Watched by fans wearing yellow foam crowns instead of the Egyptian headdresses that greeted American Pharoah in 2015, Justify passed the Test of the Champion in emphatic fashion Saturday to earn a crown of his own.
With a white blaze, a sweeping stride and an unblemished record, Justify came to the site where Pharoah ended a 37-year Triple Crown drought and, guided by the same trainer, took his shot at history Saturday.
Ridden by 52-year-old ironman Mike Smith, Justify did not disappoint the captivated crowd as he went to the lead and stayed, despite a pack of nine contenders closing in behind him, to capture the 150th Belmont Stakes and become the 13th Triple Crown winner.
Justify completed the mile and a half on a fast track in 2 minutes, 28.18 seconds to become the second undefeated Triple Crown winner, along with Seattle Slew in 1977, and to reward his backers with $3.60 on a $2 bet to win. Gronkowski, in a bit of a surprise, finished second (and paid $13.80 to place), while Hofburg was third.

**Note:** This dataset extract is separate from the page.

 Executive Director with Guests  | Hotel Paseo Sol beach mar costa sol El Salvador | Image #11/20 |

After the race, Smith and Justify went off by themselves around the clubhouse turn to have a quiet moment. Smith, who has earned the nickname Big Money Mike but had never won horse racing’s most coveted prize, was moved to tears.
He had to gather himself because he wanted to bring Justify back to the fans, who stood and cheered and snapped pictures as he took a victory lap past the expansive Belmont Park grandstand. It was not quite 2015, but that mattered little to Justify’s team.

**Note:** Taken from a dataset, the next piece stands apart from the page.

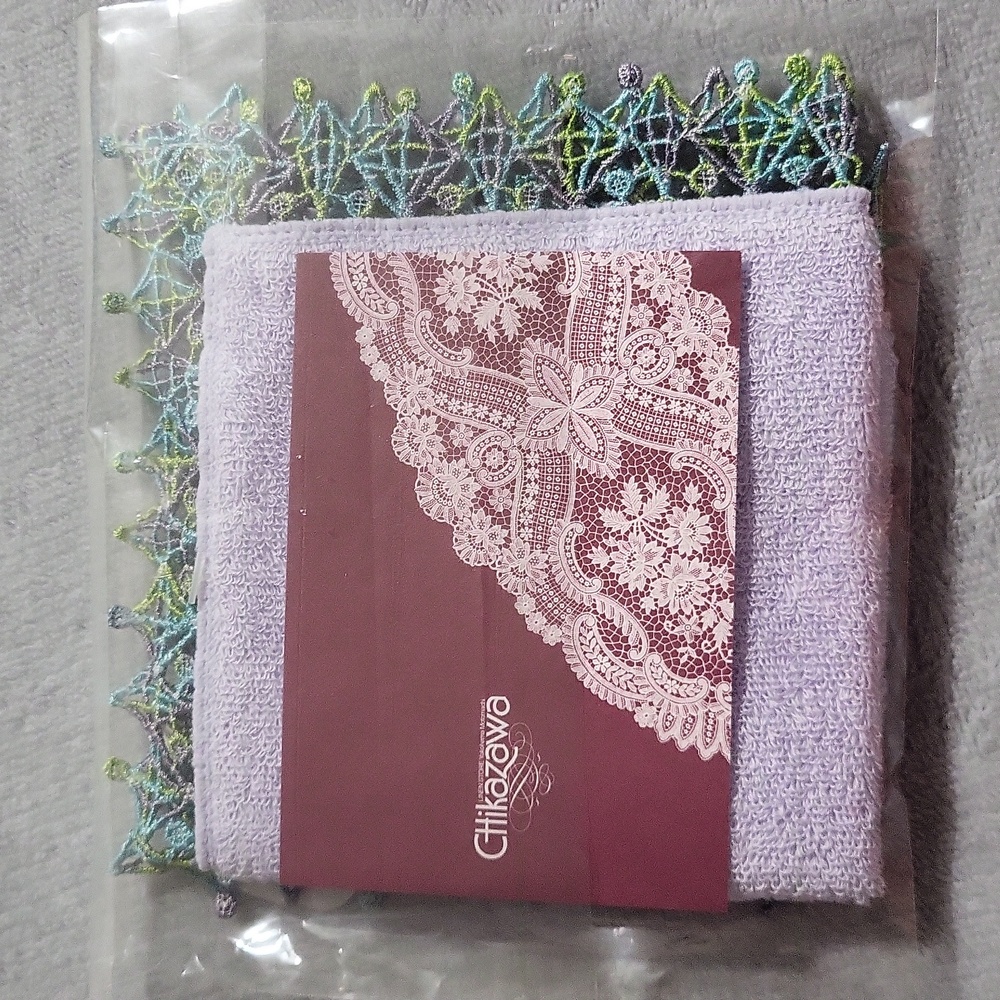 NWT π Japanese Gift Towel π - Picture 2 of 11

“This horse ran a tremendous race,” Smith said while flashing a wide grin. “He’s so gifted; he was sent from heaven. I can’t even begin to describe my emotions right now.”
Bob Baffert, 65, Justify’s trainer, kept his composure as he walked to the winner’s circle, stopping to pat Ron Turcotte, the jockey for Secretariat, the ninth Triple Crown champion, on the back.
“American Pharoah will always be my first love, but, man, for this horse to do it,” Baffert said, adding later: “This horse never had a break. It was like getting a quarter horse ready to run week after week.”
Baffert grew up on a ranch in the border town Nogales, Arizona, and as a teenager, he rode many of his father’s quarter horses on the Arizona fair circuit. When he became a trainer, he gravitated toward quarter horses, where speed reigned and the prevailing thought was: You can’t win them if you don’t run them.
That background helped prepare Baffert when he became a thoroughbred trainer in the 1990s. He quickly found success and never wavered, not even with Justify, who did not race as a 2-year-old yet was on the verge of winning the Triple Crown.
Since Wednesday, when Justify pulled up to Barn 1 at Belmont Park, minus the police escort that American Pharoah had received, Baffert appeared at ease. Gone were the nerves from 2015, when the curse of 37 years and the hopes of many rested on his shoulders.
He nicknamed his crew Camp Justify, and the bucolic corner barn setting fit the bill. Owners, fans and even rival trainers stopped by to sneak a peek at the undefeated winner of the Kentucky Derby and the Preakness Stakes.
Save for a news helicopter circling during training hours, the scene was as mellow as could be — three years between Triple Crown attempts will have such an effect.
But it is said that history repeats, and it certainly seemed that way Saturday. The great Secretariat ended a 25-year drought in 1973 in record fashion. Then, four years later, Seattle Slew put his perfect stamp on the feat. The next year, the classic rivalry of Affirmed and Alydar reached its peak when Affirmed inched ahead by a head to become the last Triple Crown winner until Pharoah arrived.
But Justify found his own path. He conquered the slop on May 5 to become the first horse since 1882 to win a Kentucky Derby without having raced as a 2-year-old and followed that feat with a damp and daring Preakness victory through soupy fog on May 16 that sent him to New York with the crown on the line.
“Is he the next American Pharoah?” Baffert was asked throughout, and by the Belmont, he believed the answer was yes. (Although, for the record, he thinks Pharoah could beat Justify.)
Still, this was Justify’s sixth race since mid-February, and his previous two had come on sloppy tracks, surely taking a toll. He seemed to have recovered nicely from a hoof bruise after The Derby, but a mile-and-a-half race can expose even the most bulletproof of horses.
On Saturday, Justify wore China Horse Club’s red silks with yellow stars instead of his customary white silks with a green star that represent WinStar Farm — a matter of rotation among the owners. The switch did not matter one bit; Justify stepped into the gate and stood perfectly still. He broke cleanly and went straight to the lead.